Thursday, April 9, 2020

Why is Cisco pushing multi-gig access switches with 25/100gb uplinks? Just who is this supposed to be appealing to?

I work with several large enterprise customers and most of them are getting rid of their onsite data centers. They are either moving all their applications to cloud providers, moving their DCs into colocations, or doing a mix of both. This means that soon enough, all client-to-server traffic will flow over the WAN, with the campus essentially becoming one large remote-site. As for client-to-client traffic, I won't say it doesn't exist, but it is relatively inconsequential. VoIP RTP sessions don't take up much bandwidth, and the same goes for Machine-to-Machine IOT traffic.

Now that I've established what current and future traffic flows look like, let's talk about WAN connectivity. Outside of DCs, none of my customers have any circuits larger than 1gb; in fact, line rate, dedicated GigE circuits are still pretty rare. As DC sites, they all have 1gb to 10gb circuits for branch WAN aggregation, centralized corporate internet/cloud access, and data center interconnection. But what will happen to these sites when they no longer host DCs or provide branch WAN aggregation? Well, I fully expect my customers to decommission their 10gb circuits and move to 1gb or even 500mb services at their campuses.

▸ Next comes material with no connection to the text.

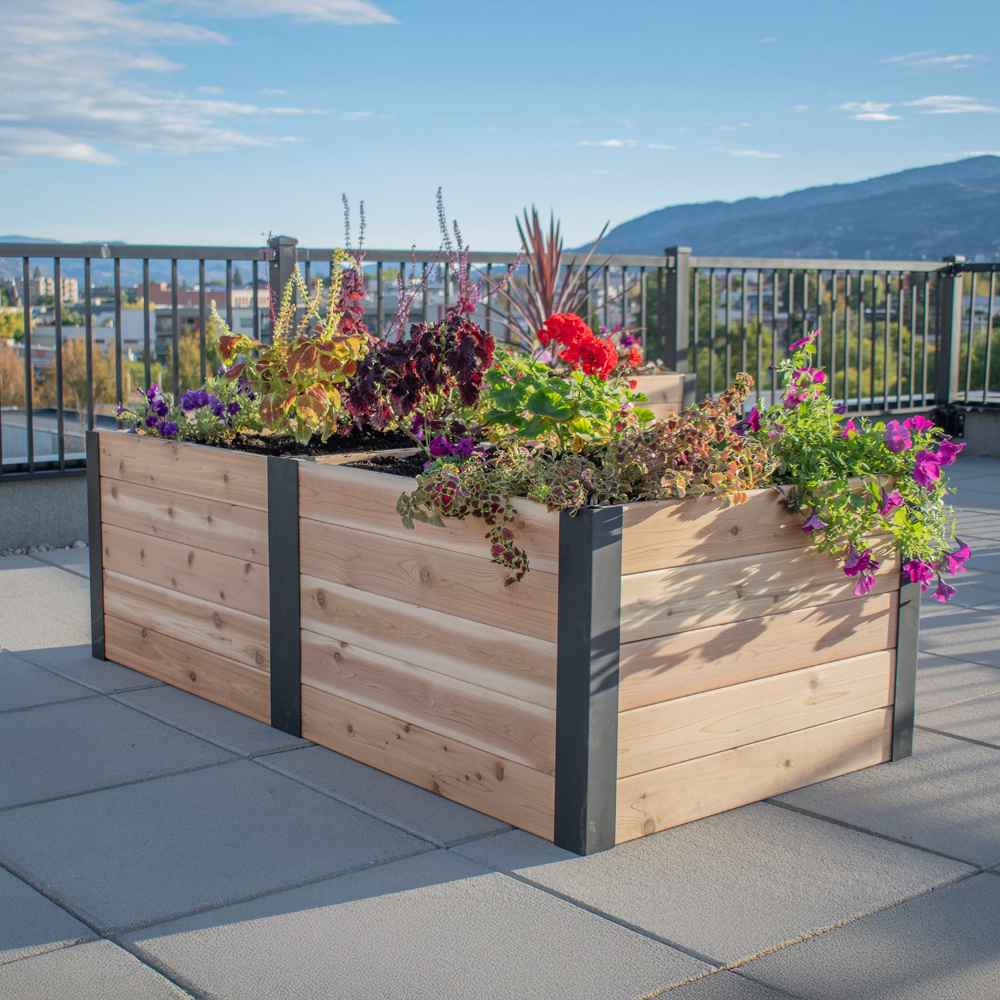 Outdoor Living Today 6×3 Urban Raised Garden Bed is overflowing with colorful flowers and positioned on a rooftop patio with mountain views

We're looking at a future where (1) all substantial traffic flows will be constrained to the size of WAN links and (2) WAN links at former "hub" sites will be sized only based on the needs of local users. So why is Cisco pushing access-layer switches with multi-gig access ports and 25/40/100gb uplinks? It seems to me that 1GigE access ports and 10GigE Trunks are still more-than-sufficient for today's requirements. Now I get why someone might argue for 25gb uplinks - switches don't have nearly the same buffering capabilities as routers, so you want your campus backbone to be oversized. But giving a user or a single AP a switchport that's sized like a WAN circuit in a world where everything goes over the WAN? That sounds like nonsense to me.

I get that there's product lifecycle to consider, but until you can get a 25GigE circuit for the same price as today's 1GigE's, (not something that I see happening in the next 5 years...) this whole technology and "push" from Cisco seems pointless to me. What do you guys think?